Rwanda is in a difficult position because 95 percent of its main import-export route lies outside its direct policy jurisdiction.
Corruption along the two major transport routes of northern and central corridors has been identified as one of the key drivers of Rwanda’s high transport costs.
According to a report presented to the press on Thursday on Non-Tariff Barriers (NTBs), corruption along the northern corridor takes place at three levels namely, the police roadblock, the weighbridges and at the border gates.
The survey upon which the conclusions are based was carried out between July and November 2008, by Private Sector Federation (PSF).
The survey aimed at assessing the challenges importers and exporters in the region go through, while in the field was carried out along the northern and central corridor routes to the seaports of Mombasa and Dar-es Salaam.
“In all cases, an explicit bribe is never asked for-rather a small story is brought up to elicit the bribe.
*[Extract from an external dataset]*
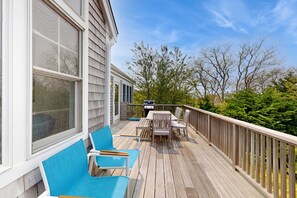 Outdoor dining - Cape Beach House with spectacular views and beach access, central AC (Eastham)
But for weighbridge you either pay it or get arrested and prosecuted,” says the report.
Surprisingly corruption is rampant in transit countries along the transport corridors with little or no corruption cases reported in the country.
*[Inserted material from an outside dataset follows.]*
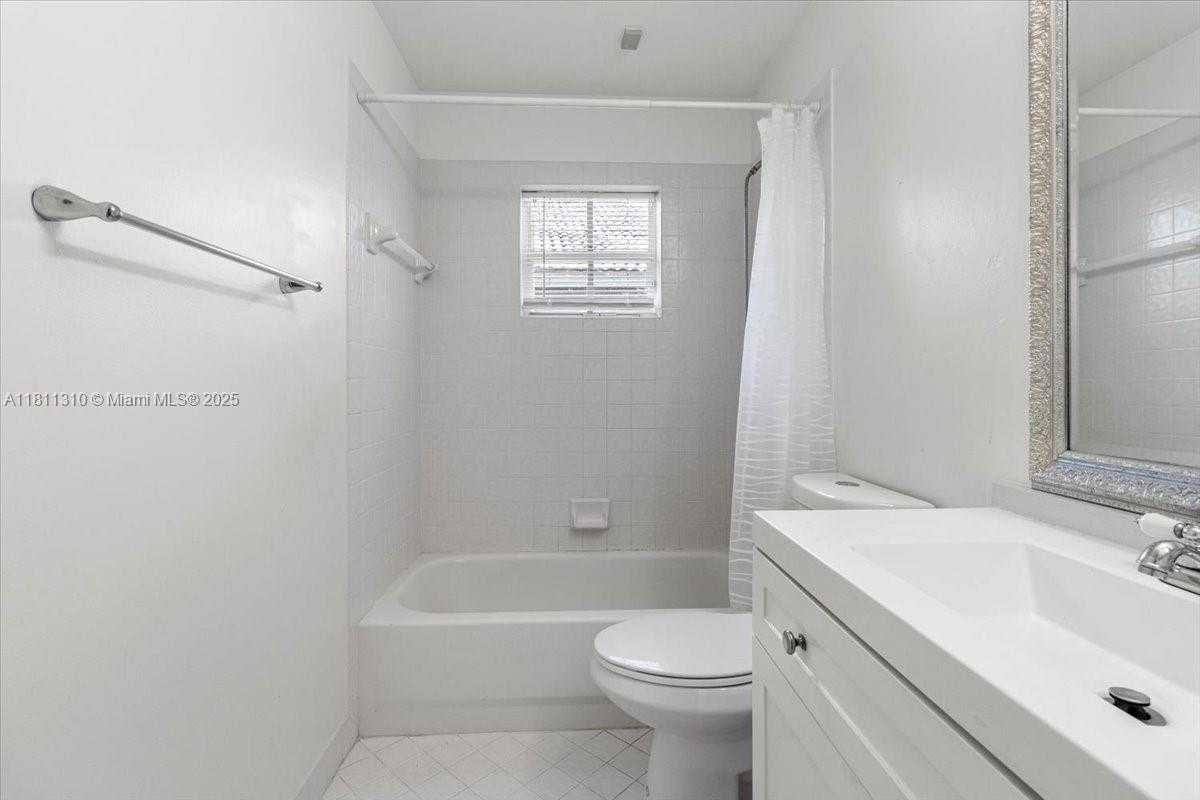Small Image of 930 BRIAR RIDGE RD, Weston Number 60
“The moment truck drivers enter into Rwanda that is the end of corruption! They are stopped but whoever stops them does not ask for a bribe. They ask for other things like documents since we do not have weighbridges,” Emmanuel Hategeka, the Chief Executive Officer of PSF told journalists on Friday during a press briefing.
“In some countries like Kenya corruption is institutionalised,” he said.
He however added that though the study did not reveal any manifestations of corruption on the Rwanda side, this does not necessarily mean there are completely no cases of corruption.
The report indicates that total petty bribery along the northern corridor equalled $193 on the Ugandan side and $703 on Kenyan side totalling to $897. On the export route alone this accounts for about 21 percent of the total shipping cost.
The cost is even higher on import route accounting for approximately $1,200.
Though the northern and central corridor account for 3/4 (three quarters) of Rwanda’s imports and exports, only 5 percent of the segment is in the country and 95 percent in Uganda, Kenya, Tanzania respectively.
“While lowering transport costs is imperative for a growth strategy based on exports, Rwanda is in a difficult position because 95 percent of its main import-export route lies outside of its direct policy jurisdiction,” Hategeka said.
The pioneer report on NTBs also highlights poor and impassable roads, congestion at both seaports and unnecessary delays at border posts and weighbridges as posing challenges to doing business in the region.
For instance, the report indicates that along the Northern Corridor, over 57 percent of the journey is spent stopping compared to 43 per cent of the driving time.
While so many NTBs along the transport corridors are key drivers of high transport costs, the report also underlines procedural barriers including acquisition of a series of documents. Notably getting all the seven documents before the beginning of the journey takes time between 2 to 3 days.
According to shipping companies interviewed in the report, daily parking fees for the trucks and waiting for the documents costs money losing approximately $400 per day.
The report notes, “The biggest problem in the case of Rwandese registered trucks right now is that they are not allowed to load goods from Kenya unless they get a clearance, signed and stamped by the Commissioner Customs.”